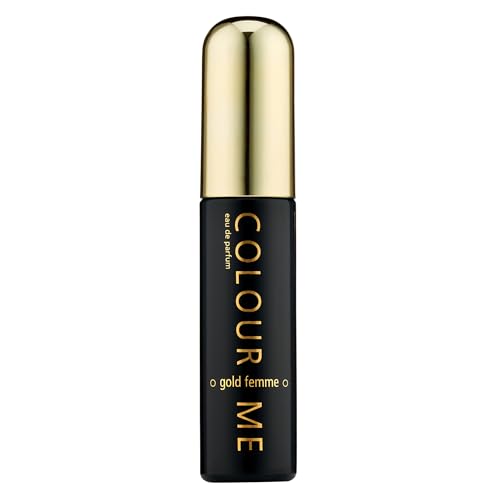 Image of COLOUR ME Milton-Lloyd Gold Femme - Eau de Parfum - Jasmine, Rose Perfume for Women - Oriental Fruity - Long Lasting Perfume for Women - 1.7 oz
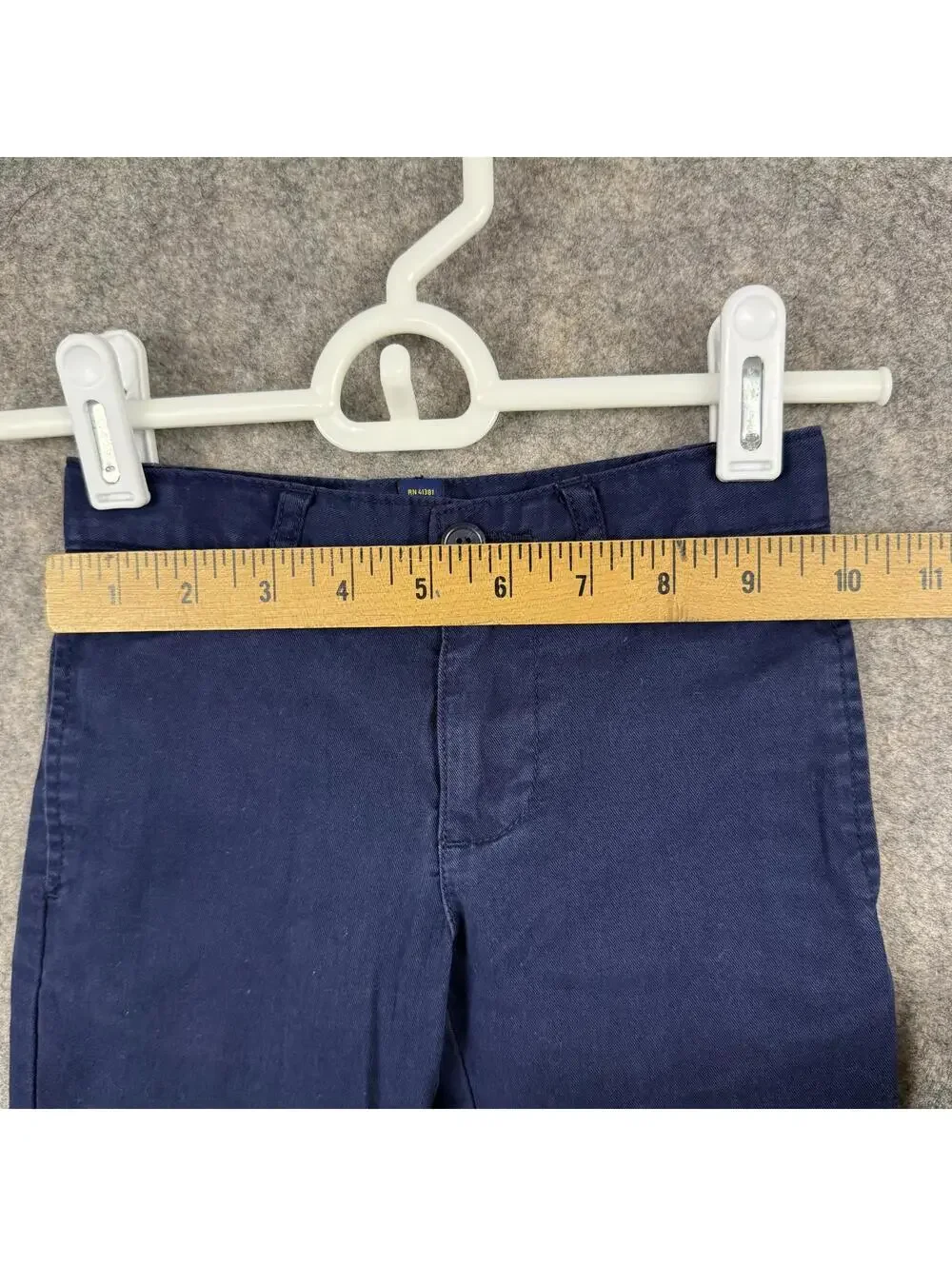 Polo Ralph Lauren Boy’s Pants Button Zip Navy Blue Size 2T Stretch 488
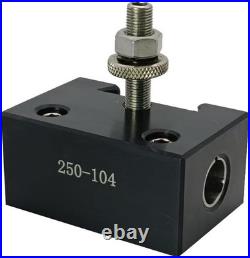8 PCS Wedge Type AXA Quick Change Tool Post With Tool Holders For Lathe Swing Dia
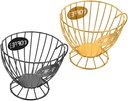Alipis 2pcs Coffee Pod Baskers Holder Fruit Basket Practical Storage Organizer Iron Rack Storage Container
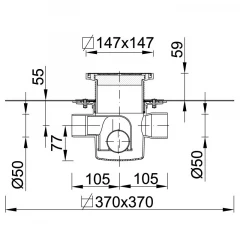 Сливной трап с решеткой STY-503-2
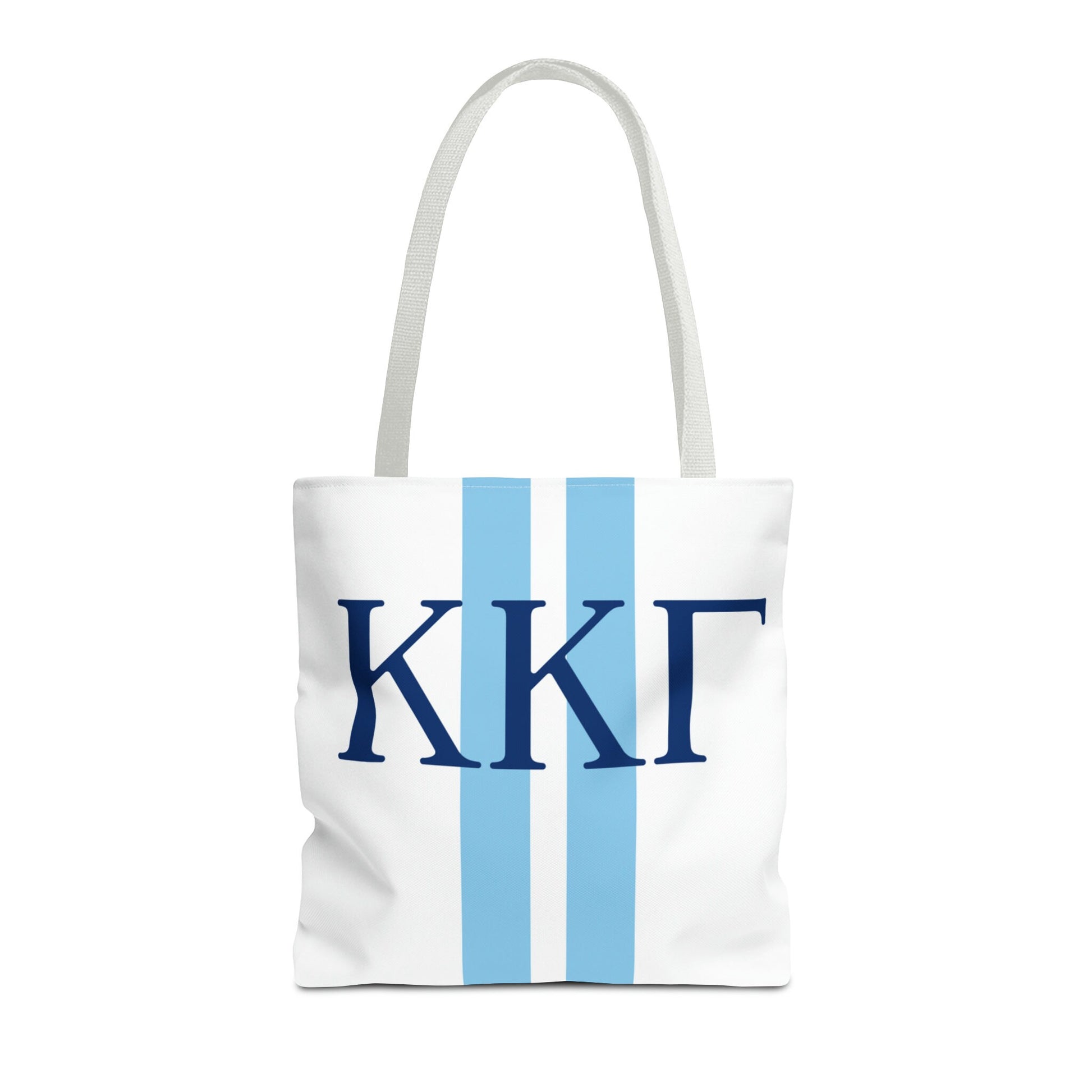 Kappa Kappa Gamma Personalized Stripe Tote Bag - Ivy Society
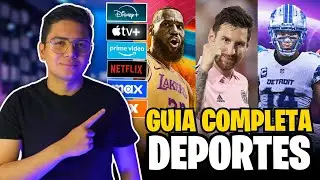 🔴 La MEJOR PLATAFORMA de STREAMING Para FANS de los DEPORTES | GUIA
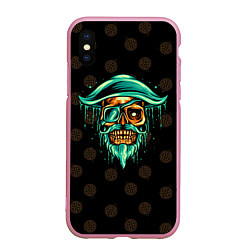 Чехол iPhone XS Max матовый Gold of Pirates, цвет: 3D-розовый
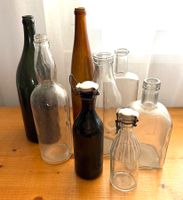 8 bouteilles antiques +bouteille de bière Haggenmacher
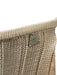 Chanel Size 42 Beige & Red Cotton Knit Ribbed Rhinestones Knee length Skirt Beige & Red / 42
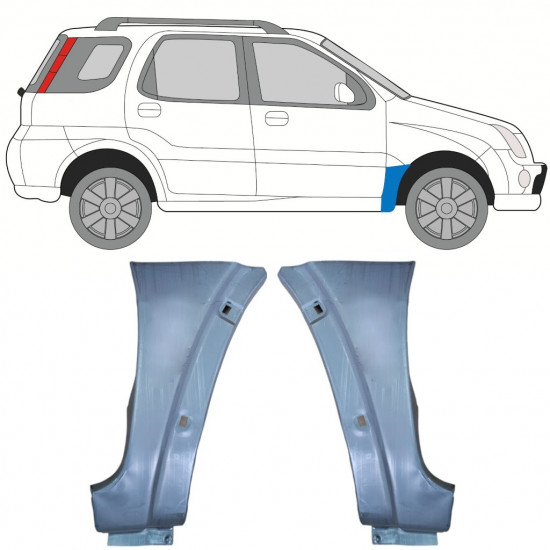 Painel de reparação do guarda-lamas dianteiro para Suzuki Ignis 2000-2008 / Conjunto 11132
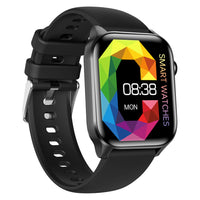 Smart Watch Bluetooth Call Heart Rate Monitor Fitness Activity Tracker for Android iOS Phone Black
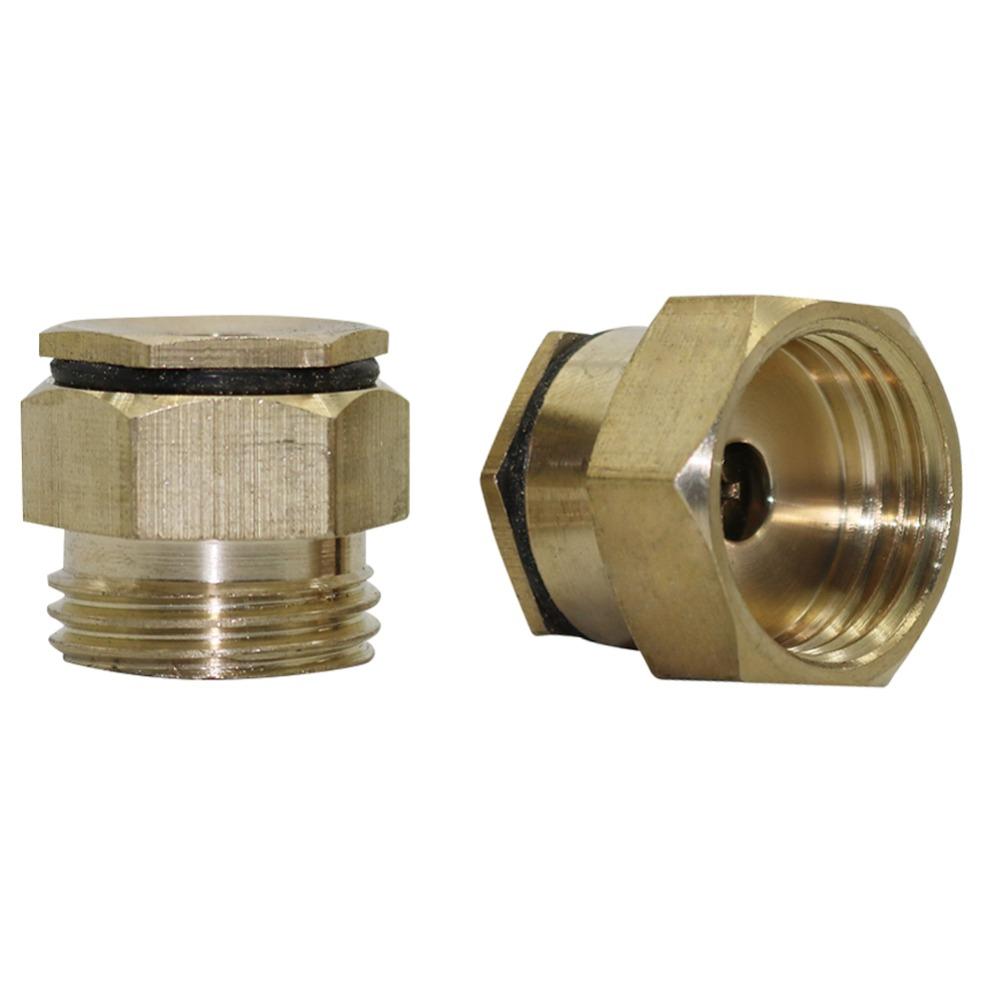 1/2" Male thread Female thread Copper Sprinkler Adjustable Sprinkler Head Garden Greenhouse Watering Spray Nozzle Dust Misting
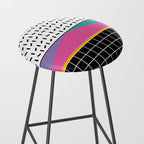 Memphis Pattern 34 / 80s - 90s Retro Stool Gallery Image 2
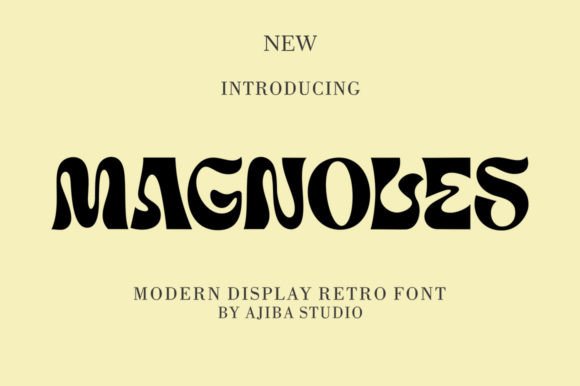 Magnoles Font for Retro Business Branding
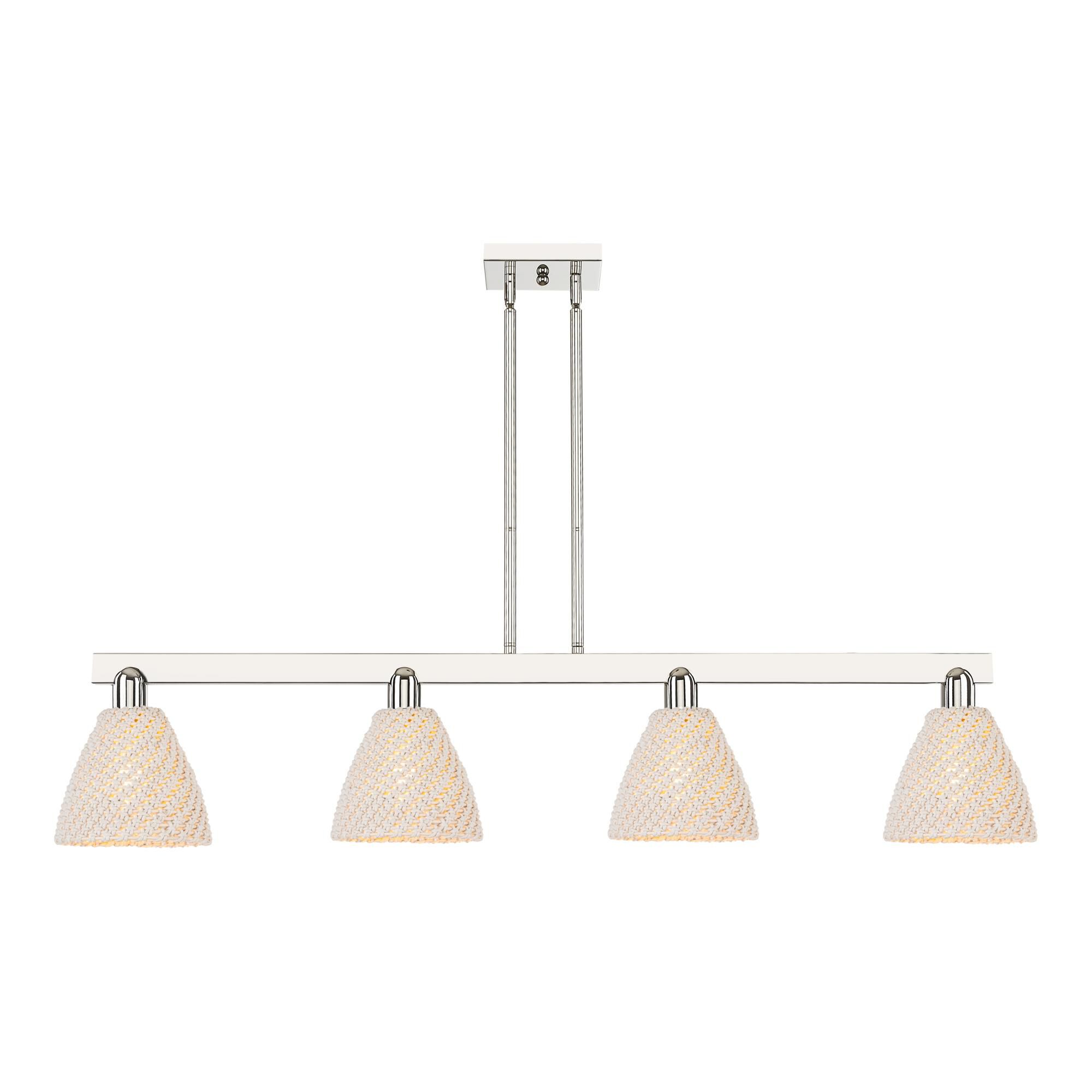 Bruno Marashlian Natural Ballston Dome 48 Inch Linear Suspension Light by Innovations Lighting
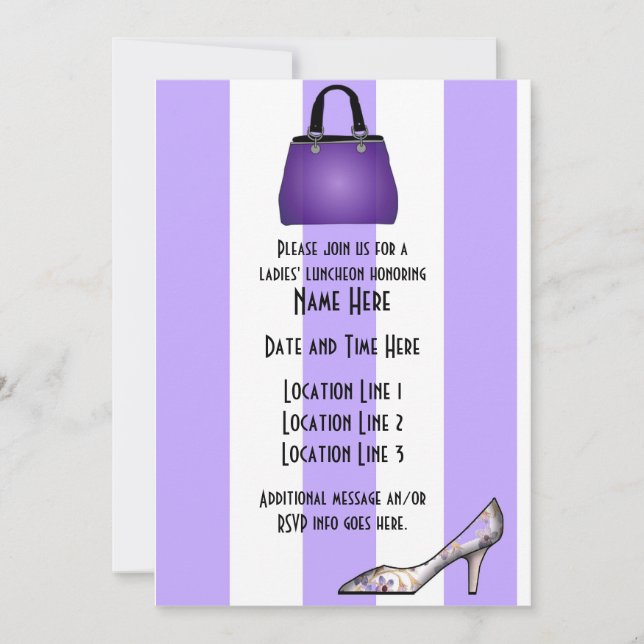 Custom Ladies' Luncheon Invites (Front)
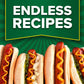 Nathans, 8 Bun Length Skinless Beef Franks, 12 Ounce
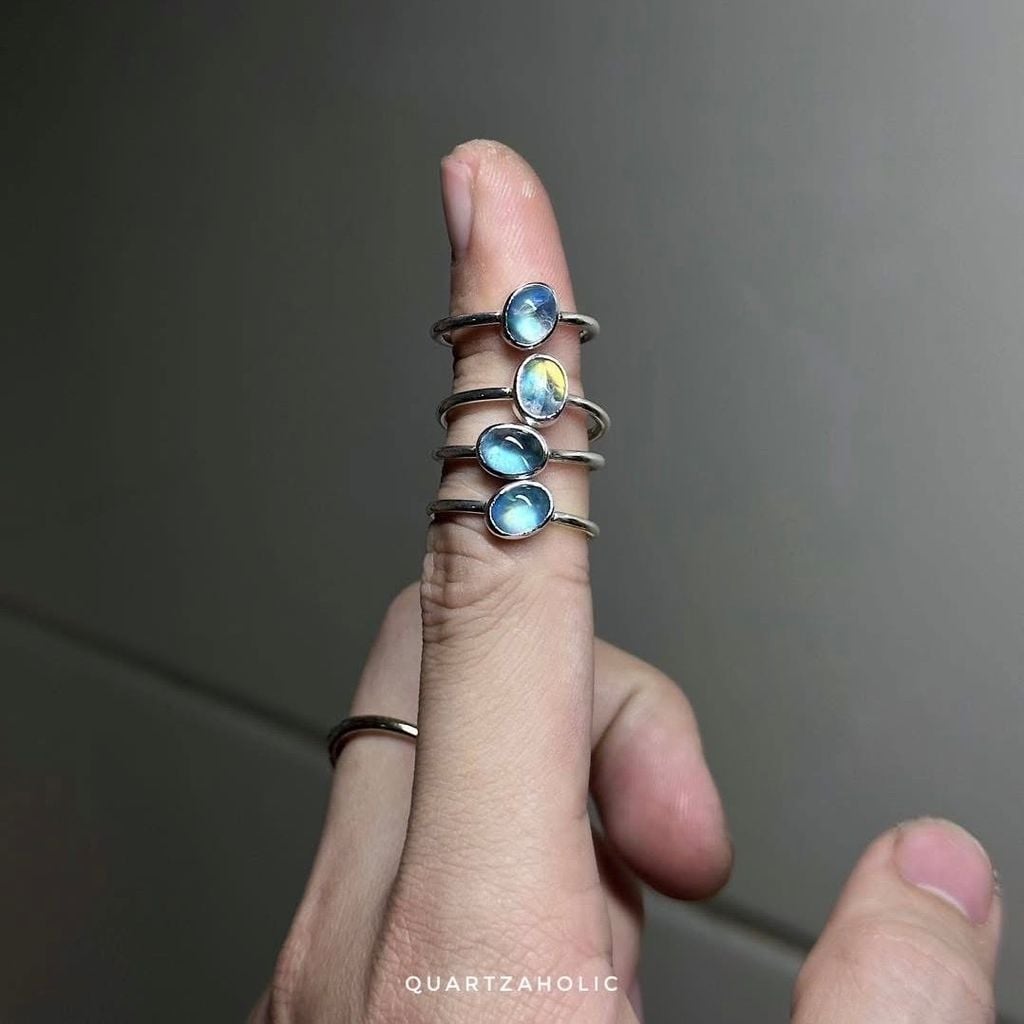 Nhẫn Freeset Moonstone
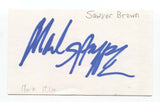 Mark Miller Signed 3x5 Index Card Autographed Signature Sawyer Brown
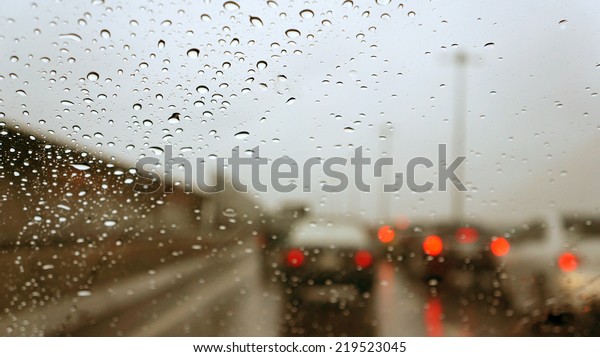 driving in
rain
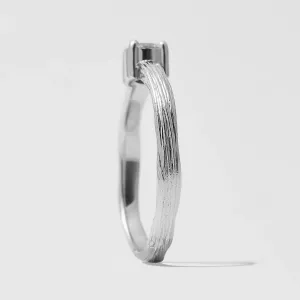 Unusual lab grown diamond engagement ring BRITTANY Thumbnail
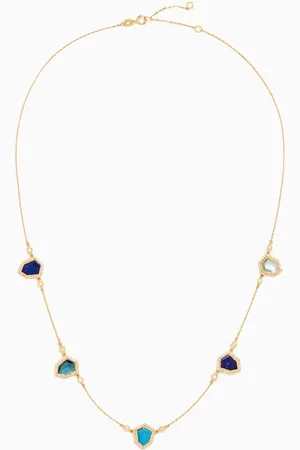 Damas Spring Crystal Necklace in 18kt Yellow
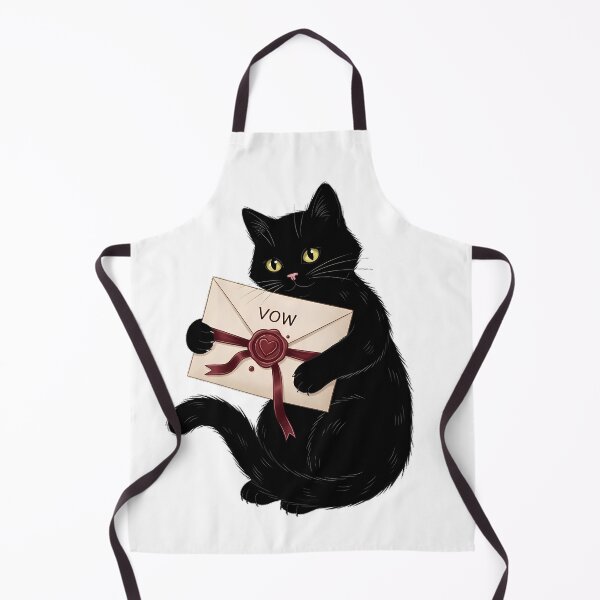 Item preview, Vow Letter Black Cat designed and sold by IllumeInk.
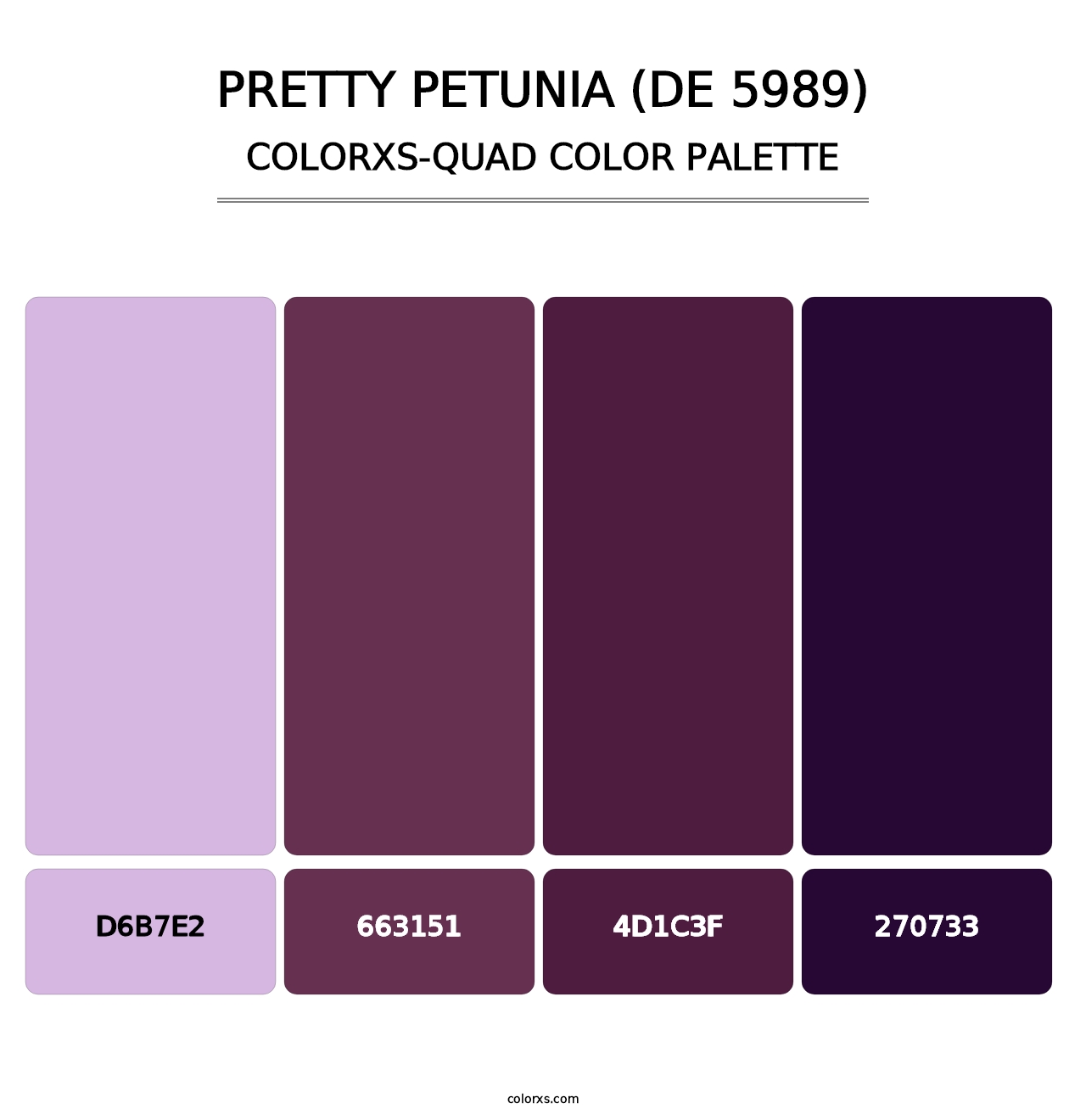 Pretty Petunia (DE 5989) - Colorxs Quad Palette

** TASK TO CARRY OUT **
Copy exactly the lines from the one containing "Memphis Pattern 34" through the final line of the records above, both included, and leave out any pictures.

** RESPONSE AREA **
 Memphis Pattern 34 / 80s - 90s Retro Stool Gallery Image 2
 Magnoles Font for Retro Business Branding
 Bruno Marashlian Natural Ballston Dome 48 Inch Linear Suspension Light by Innovations Lighting
 Custom Ladies' Luncheon Invites (Front)
 Nathans, 8 Bun Length Skinless Beef Franks, 12 Ounce
 Nhẫn Freeset Moonstone
 Mark Miller Signed 3x5 Index Card Autographed Signature Sawyer Brown
 driving in
rain
 Unusual lab grown diamond engagement ring BRITTANY Thumbnail
 Damas Spring Crystal Necklace in 18kt Yellow
 Item preview, Vow Letter Black Cat designed and sold by IllumeInk.
 Pretty Petunia (DE 5989) - Colorxs Quad Palette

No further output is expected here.